Ian Payne 4am - 7am
Deported killer of newspaper executive's wife Muriel McKay offers to return to Britain to show where she is buried
16 November 2023, 09:21
A deported killer is offering to come back to Britain to show his victim's daughter where he buried her mother's body 54 years ago.
Listen to this article
Loading audio...
Nizamodeen Hosein was 22 when he and his older brother Arthur kidnapped Muriel McKay, the wife of a newspaper executive, and held her ransom for £1million.
The brothers were caught and jailed for life for murder, but the body of Ms McKay, 55, has never been found.
The kidnappers had mistaken Ms McKay for Rupert Murdoch's then wife Anna. Ms McKay's husband Alick, also Australian, was Mr Murdoch's deputy.
Hosein, 75, who is now free and living in Trinidad has offered to help Ms McKay's family in a final attempt to uncover her remains, Sky News reports.
He has written to the Home Office asking it to lift a deportation order which still bars him from the UK. His brother Arthur died in prison in 2009.

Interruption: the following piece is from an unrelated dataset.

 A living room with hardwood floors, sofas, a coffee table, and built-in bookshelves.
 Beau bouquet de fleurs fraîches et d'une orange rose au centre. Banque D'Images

He wrote: "I admit my involvement in the kidnap and death of Muriel McKay, and I have been attempting to assist her daughter Dianne in locating her body.
"I believe I am the only living person who knows where Muriel's body is and would like her body to be found before I myself die."
After years of refusing to explain Ms McKay's fate, Hosein now claims she collapsed and died of a heart attack at the remote, rented Hertfordshire farm where the brothers were holding her.
Hosein says he panicked and buried her body under a dung heap behind the farmhouse near the village of Stocking Pelham.
Last year Scotland Yard detectives failed to find anything during a search of a small section of a field near the house. The family insists they searched in the wrong place.
Hosein says he is certain he will remember exactly where he buried Ms McKay's body, even though the buildings, the farmyard and the fields have changed a lot since the kidnap in 1969.
Dianne, 82, believes this is probably the family's last chance to find her mother's final resting place, but there are still hurdles to overcome.
The Home Office said in a statement: "We express sympathies with Muriel McKay's loved ones.
"Whilst we do not comment on individual cases, we work with the police on any requests pertaining to ongoing investigations."
Scotland Yard is in contact with the McKay family and has spoken to Hosein.
Detectives are considering the possibility of applying for a search warrant to excavate at the farm again, but are not yet convinced it is worth it.